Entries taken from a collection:
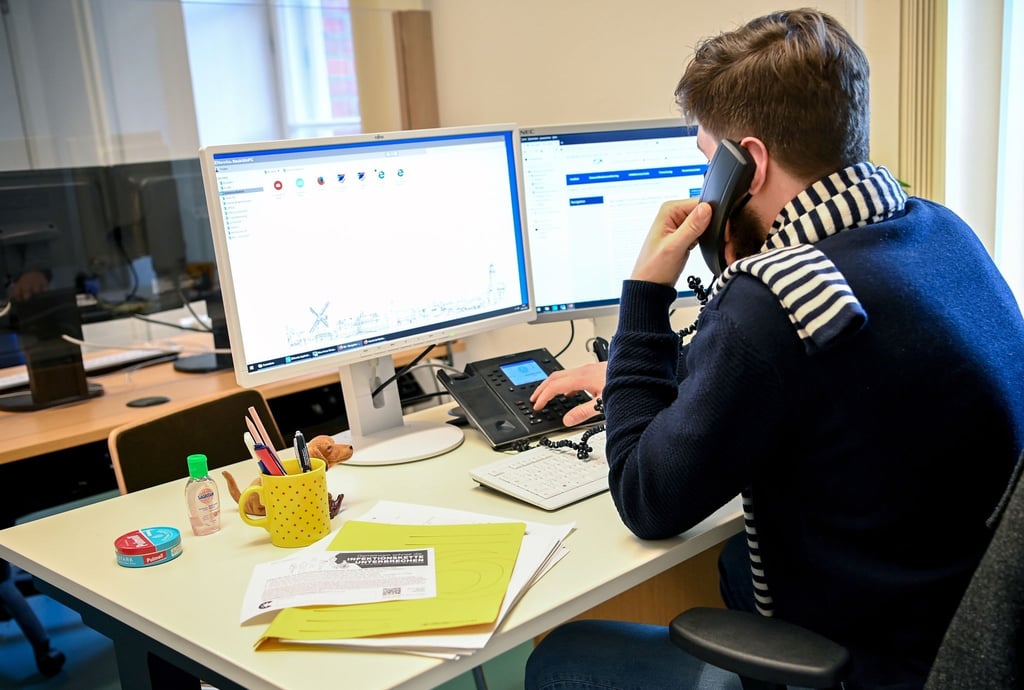 Behörden und Ministerien in Deutschland sollen künftig auch sensible Daten in einer Cloud-Lösung speichern können, die auf Technik des US-Konzerns Microsoft aufsetzt.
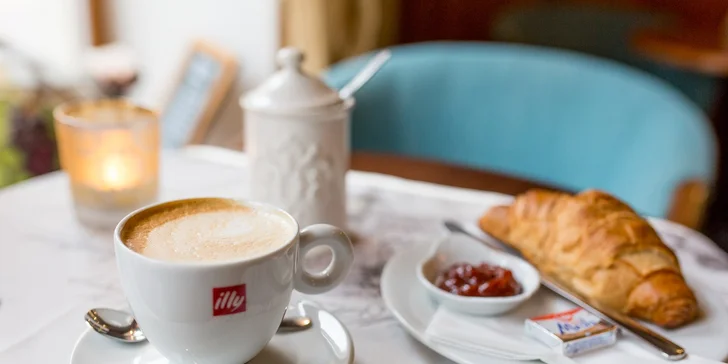 Káva, horúci drink, zákusok, croissant či pralinky v café Racine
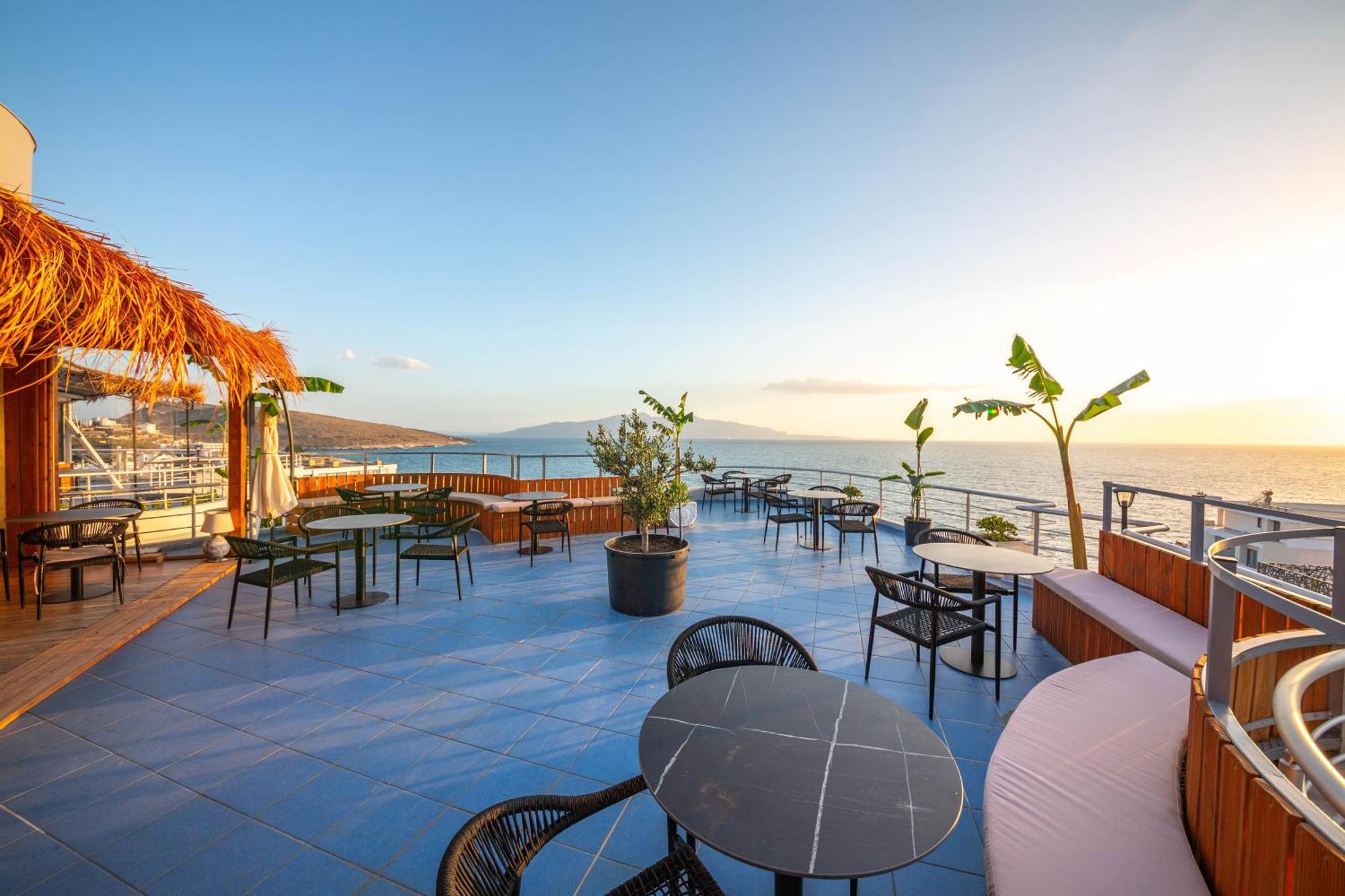 Hotel Sea Breeze Sarande Exterior photo
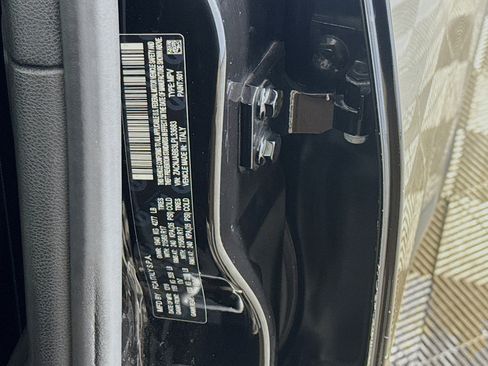 Used 2020 Jeep Renegade Latitude w/ Safety & Security Group II image 40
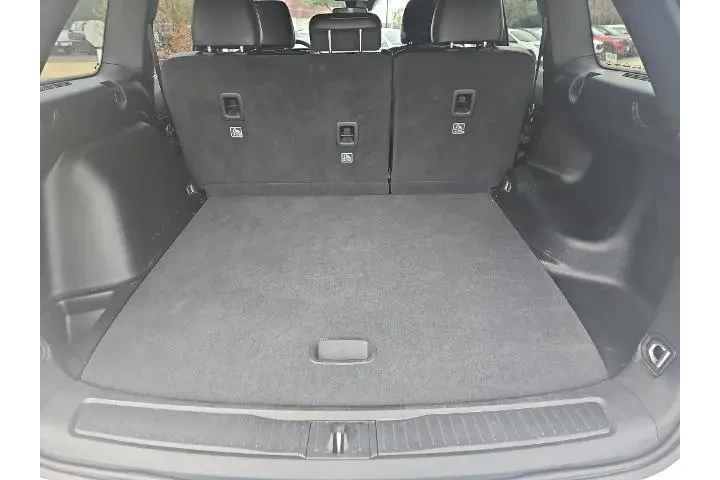 $28400 : Jeep Grand Cherokee 2024 4x4 image 9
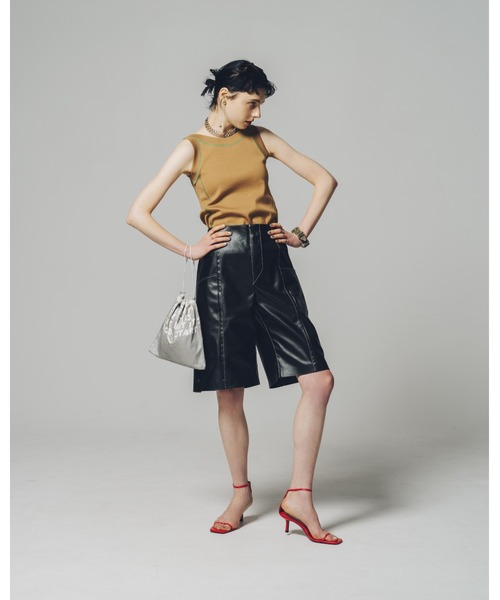 led.tokyo(レッドトウキョウ)の「【led.tokyo】ステッチカラー2WAY U/Vネックトップ (ZOZO限定カラー:グリーン)(Tシャツ/カットソー・レディース・ブラック/ホワイト/ベージュ/グリーン・M)」の14枚目の写真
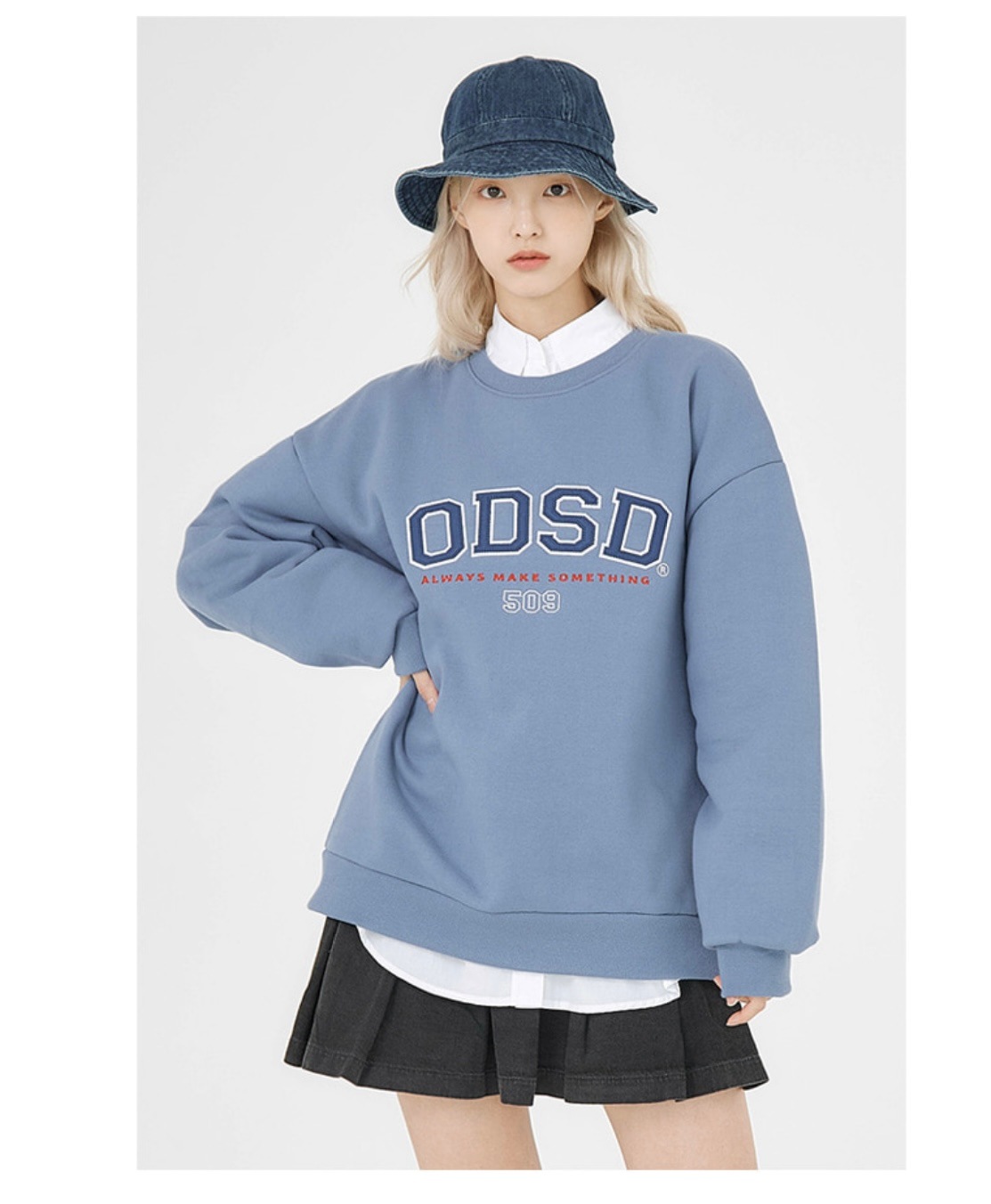 ( ユニセックス )アップリケ ロゴ マンツーマンTシャツ - 6色 特 羊毛 起毛 生地 ( ユニセックス )アップリケ ロゴ マンツーマンTシャツ - 6色 特 羊毛 起毛 生地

**WHAT IS NEEDED**
Write out every line of the entries above exactly, and omit their pictures.

**YOUR RESPONSE**
 Behörden und Ministerien in Deutschland sollen künftig auch sensible Daten in einer Cloud-Lösung speichern können, die auf Technik des US-Konzerns Microsoft aufsetzt.
 Káva, horúci drink, zákusok, croissant či pralinky v café Racine
 Hotel Sea Breeze Sarande Exterior photo
 Used 2020 Jeep Renegade Latitude w/ Safety & Security Group II image 40
 $28400 : Jeep Grand Cherokee 2024 4x4 image 9
 led.tokyo(レッドトウキョウ)の「【led.tokyo】ステッチカラー2WAY U/Vネックトップ (ZOZO限定カラー:グリーン)(Tシャツ/カットソー・レディース・ブラック/ホワイト/ベージュ/グリーン・M)」の14枚目の写真
 ( ユニセックス )アップリケ ロゴ マンツーマンTシャツ - 6色 特 羊毛 起毛 生地 ( ユニセックス )アップリケ ロゴ マンツーマンTシャツ - 6色 特 羊毛 起毛 生地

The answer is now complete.